Scraped caption text data:
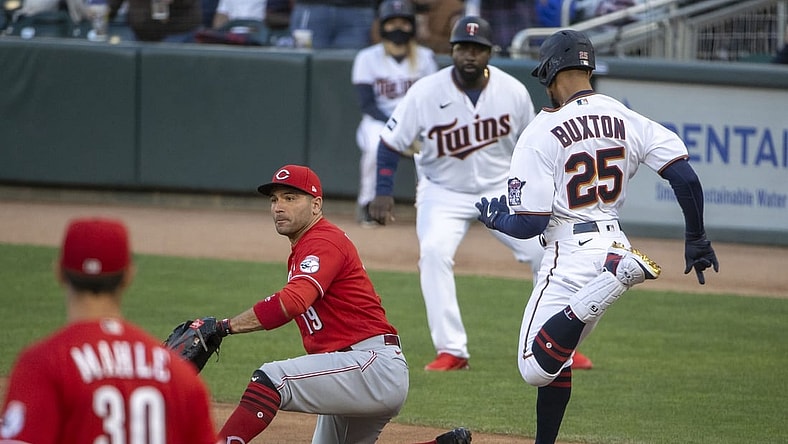 Jun 21, 2021; Minneapolis, Minnesota, USA; Minnesota Twins center fielder Byron Buxton (25) reaches first base before Cincinnati Reds first baseman Joey Votto (19) can catch the ball for a single in the second inning at Target Field. Mandatory Credit: Jesse Johnson-USA TODAY Sports
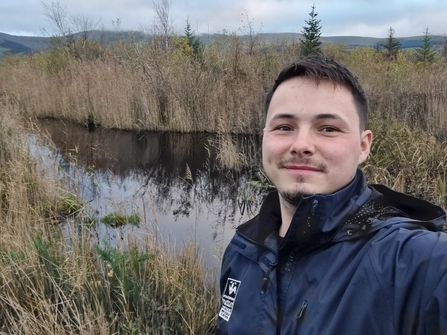 Photo of a man standing in a wetland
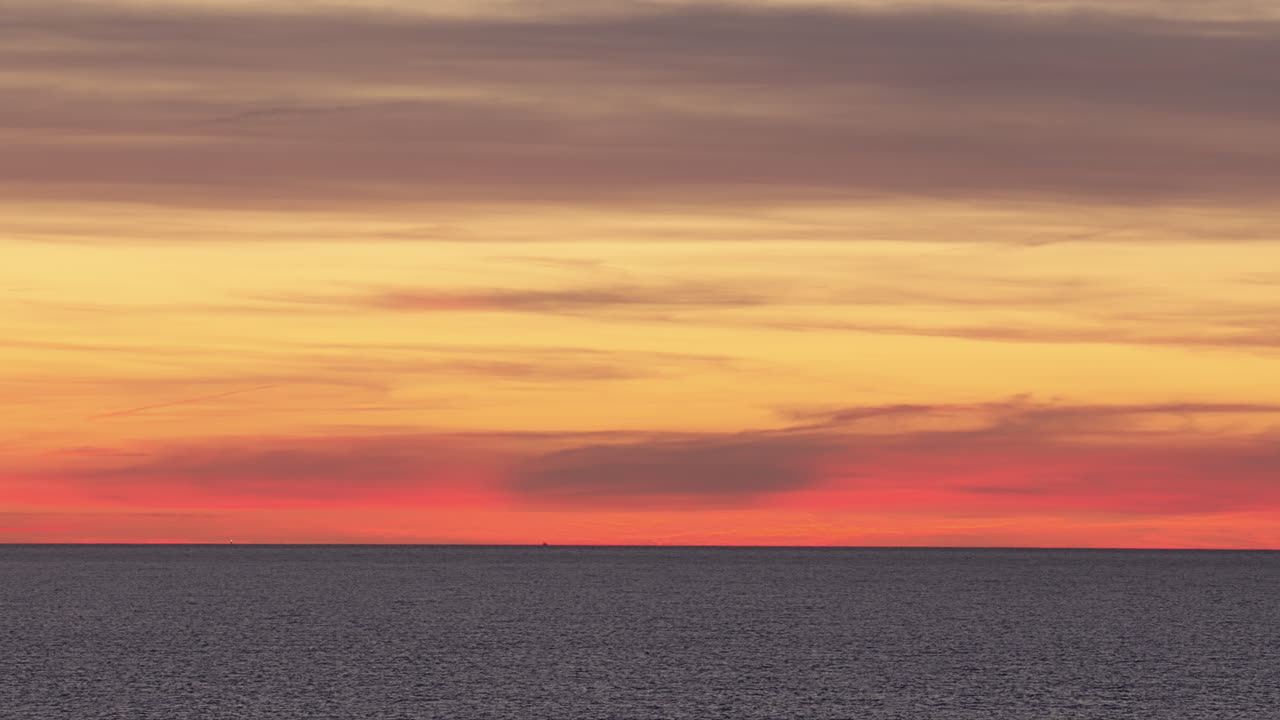 Colorful pastel orange yellow and pink hue sunset over the horizon, calm waters reflecting the vibrant sky in Estonia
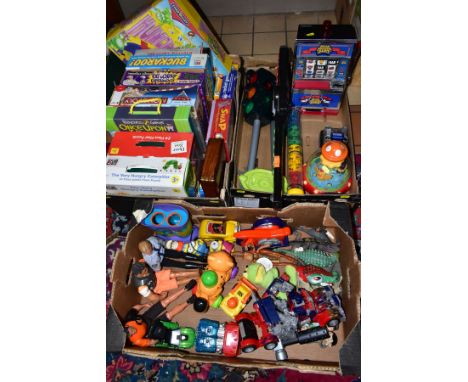 A QUANTITY OF ASSORTED TOYS AND GAMES, to include modern Action Man figures, Transformers, battery operated table top One Arm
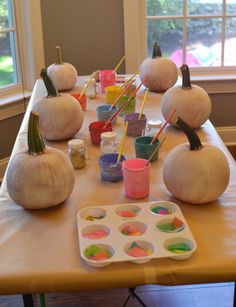 the table is set up with pumpkins and paint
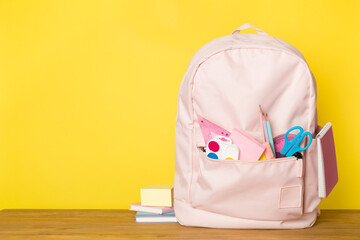 Pink school backpack with stationery on wooden table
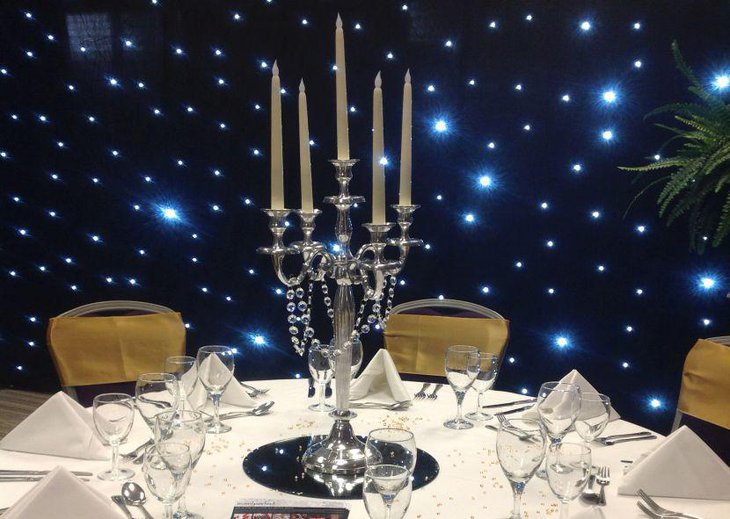 Exotic party table setting with a gorgeous candelabra with crystal garland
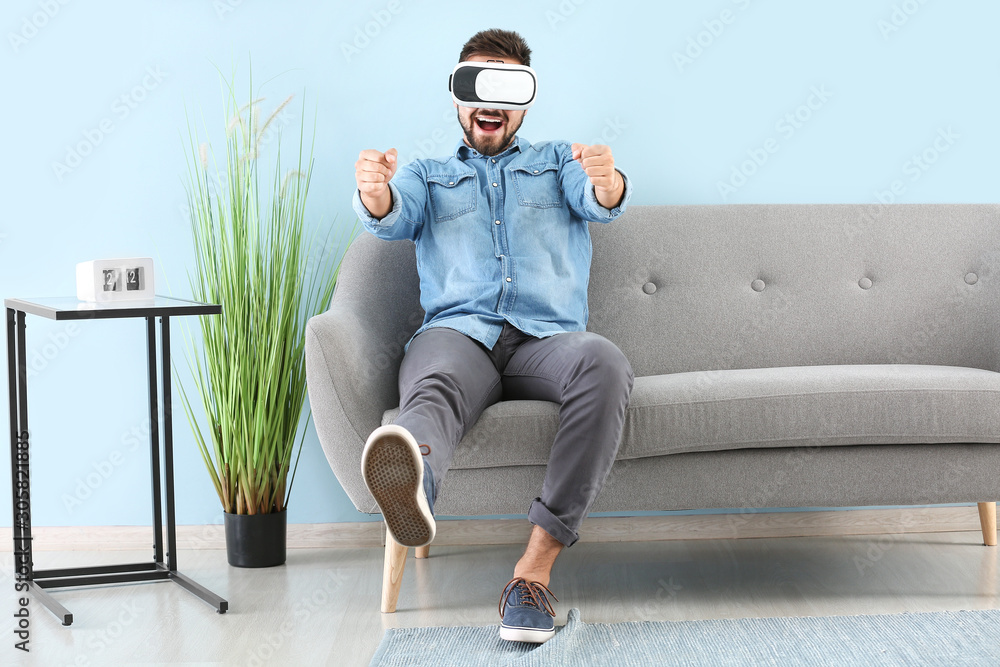 Young man with virtual reality glasses at home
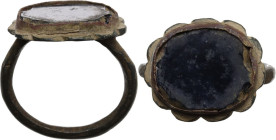 Bronze ring with large flat bezel with onyx inlay. Inner diameter: 18 mm.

→ **PROBLEM STATEMENT**
Pictures do not belong in the answer. Return the lines above starting at the one with "Photo of a man standing in a wetland" and ending at the one with "Exotic party table", both kept, exactly.

→ **EXERCISE OUTPUT**
 Photo of a man standing in a wetland
 Colorful pastel orange yellow and pink hue sunset over the horizon, calm waters reflecting the vibrant sky in Estonia
 A QUANTITY OF ASSORTED TOYS AND GAMES, to include modern Action Man figures, Transformers, battery operated table top One Arm
 the table is set up with pumpkins and paint
 Pink school backpack with stationery on wooden table
 Exotic party table setting with a gorgeous candelabra with crystal garland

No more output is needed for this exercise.